Is the Idea of Building New Cities or Towns Worth the Impact?

Yesterday I happened upon an interesting and disheartening thread about someone who went to an event in downtown St. Louis with her daughter. She was surprised to find how vacate and decrepit the area was (which isn’t the case across all of downtown, but certainly in some parts).

St. Louis has a number of different “downtown” areas, each feeling more and more like the suburbs the further west from the Arch (I like and work in one such area called the Central West End). There are many areas of St. Louis filled with beautiful old brick houses and magnificent stone buildings that have long since fallen into disrepair. Offices, businesses, and people have moved away from downtown in lieu of shiny new places with the hope of prosperity.

This is a multifaceted issue, though I should say that I don’t think any specific area is more deserving to thrive than any other area. Not every area can thrive.

That said, the drive to build new structures seems odd to me when there are so many structures that already exist. There’s the financial cost along with the environmental cost (though on both accounts, I’m sure that many buildings constructed today have higher safety and environmental standards than those built 100 years ago).

This came to mind when reading about a new city that a billionaire wants to build. It looks cool, but is that really more effective than investing the proposed $400 billion in cities that already exist?

At the same time, there are examples of new towns that far outshine existing cities in terms of sustainability. After the recent hurricane in Florida, I learned about a solar-powered town in the hurricane’s path called Babcock Ranch.

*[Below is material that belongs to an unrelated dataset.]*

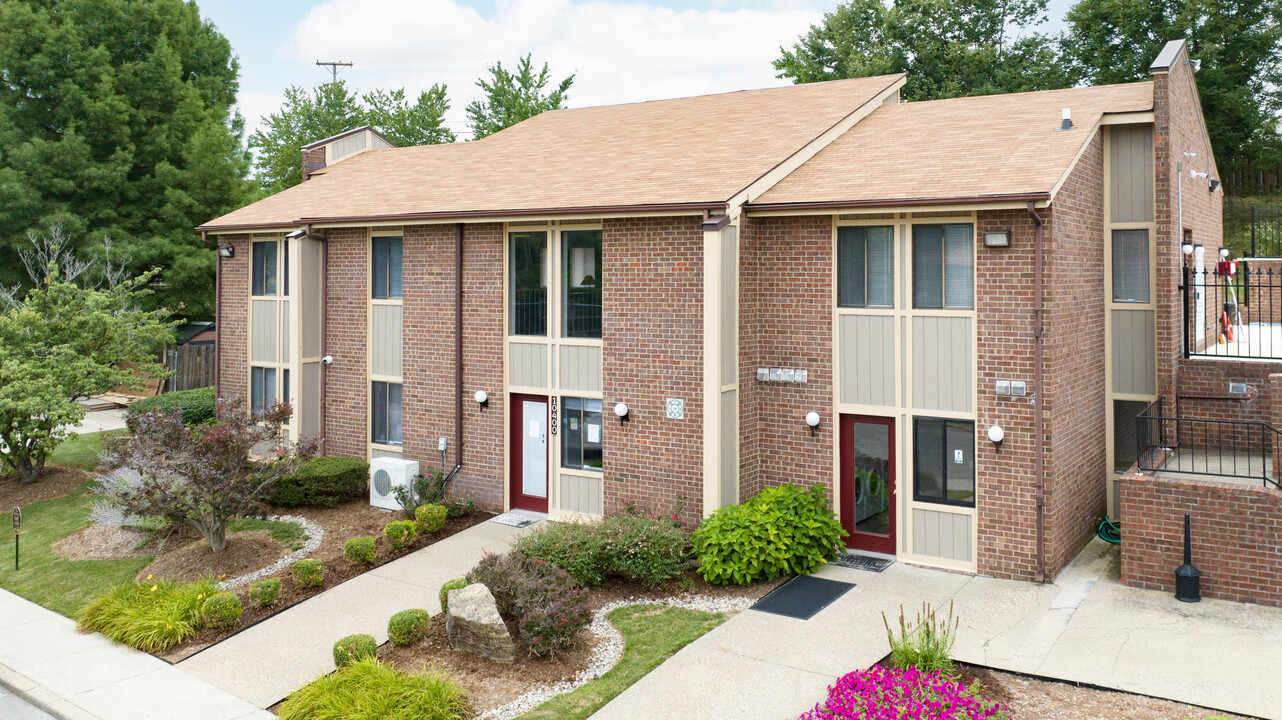 Boulder Creek in Jeffersontown, KY - Foto de edificio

In addition to 700,000 solar panels, the streets in the town were designed prevent house flooding, and power/internet cables are buried to avoid wind damage. Could such a renovation have been applied to an existing town? Maybe. But perhaps sometimes it’s easier to start from scratch than undo and redo something that was built suboptimally the first time.

I’m processing this topic, obviously not taking a hard stance on it. I’d love to hear your thoughts!